If you have the free version of AVG installed on your computer, we encourage you to thoroughly read the notice sent to you by AVG. For a TL:DR version, please reference this recent article published by PCMag.com. We’ve posted the article below, or you can click this link to see the full article from their site which will open in a new window.
by David Murphy
We’ll give security firm AVG a little credit: At least it isn’t trying to be deceptive about what it might do with your data. Unfortunately, its updated plan to collect your browser history (and a list of any searches you’ve made while using said browser)—”non-personal data,” as the company describes—does leave some users of its free apps a bit skeptical.

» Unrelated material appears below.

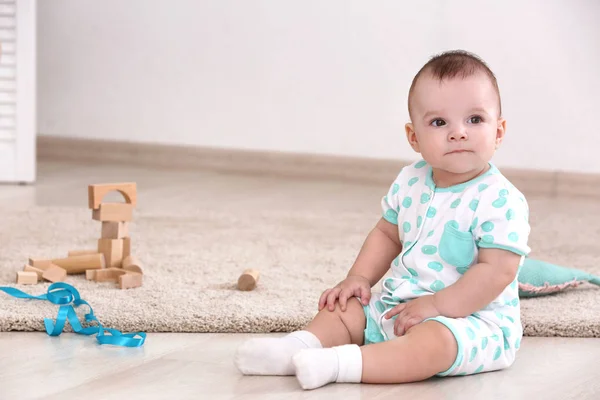 Söt baby sitter på golvet hemma — Stockfoto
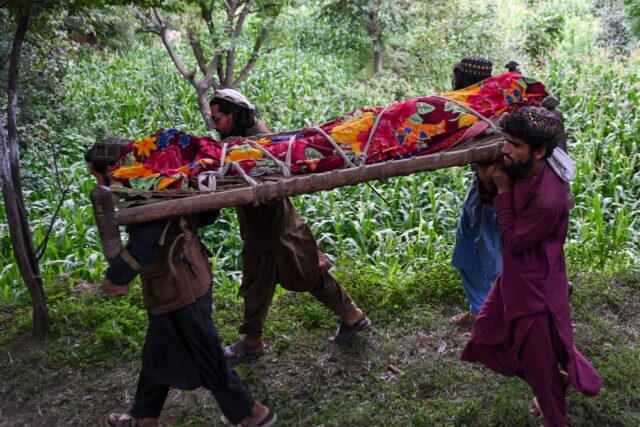 Afghan men carry the shrouded body of an earthquake victim for burial in Nurgal, Junar pro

“We collect non-personal data to make money from our free offerings so we can keep them free, including:
- Advertising ID associated with your device
- Browsing and search history, including meta data
- Internet service provider or mobile network you use to connect to our products
- Information regarding other applications you may have on your device and how they are used.”
AVG also notes that it might anonymize and aggregate data that it would otherwise consider to be personally identifying for individual users.
“Those users who do not want us to use non-personal data in this way will be able to turn it off, without any decrease in the functionality our apps will provide. While AVG has not utilised data models to date, we may, in the future, provided that it is anonymous, non-personal data, and we are confident that our users have sufficient information and control to make an informed choice,” an AVG spokesperson told Wired.